At a White House event this week, President Donald Trump backed sweeping cuts to the legal U.S. immigration system and said the plan would “restore our competitive edge.”

Not so fast, says the technology industry.

The Reforming American Immigration for a Strong Economy (RAISE) Act, introduced by GOP Sen. Tom Cotton and Sen. David Perdue, would eliminate the diversity visa program, which awards 50,000 visas each year based on a lottery system. In its place, the act introduces a new point system which scores visa applicants based on “predictors of immigrant success.” It does not target the H-1B visa program that many tech companies rely heavily on to recruit international talent.

Supporters of the bill say it would prioritize skilled workers and reduce the number of unskilled immigrants competing for lower-wage jobs. In a press release, The White House said the changes would more closely align U.S. policy with the merit-based immigration systems used by Australia and Canada.

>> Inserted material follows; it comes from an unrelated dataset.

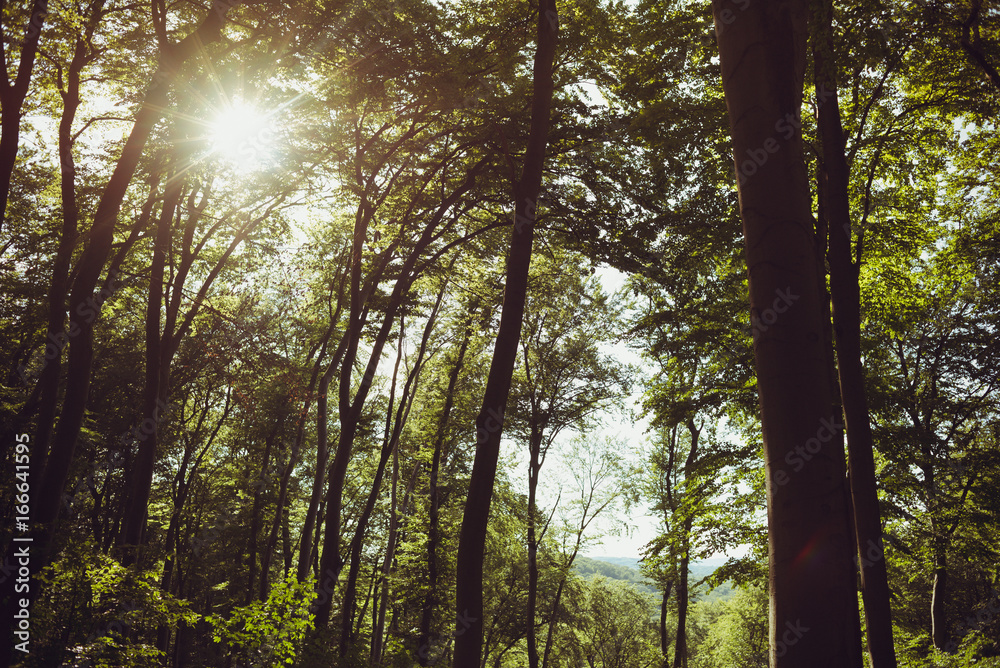Fototapeta premium Beech forest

That might sound like the kind of reform the tech industry has been seeking, but many members of the community are criticizing the bill for making broad cuts to legal immigration under the guise of prioritizing skilled workers.

Dean Garfield, president of The Information Technology Industry Council, the lobbying group that represents Microsoft, Apple, Google, and other tech giants, released a statement condemning the bill.

“This is not the right proposal to fix our immigration system because it does not address the challenges tech companies face, injects more bureaucratic dysfunction, and removes employers as the best judge of the employee merits they need to succeed and grow the U.S. economy,” he said.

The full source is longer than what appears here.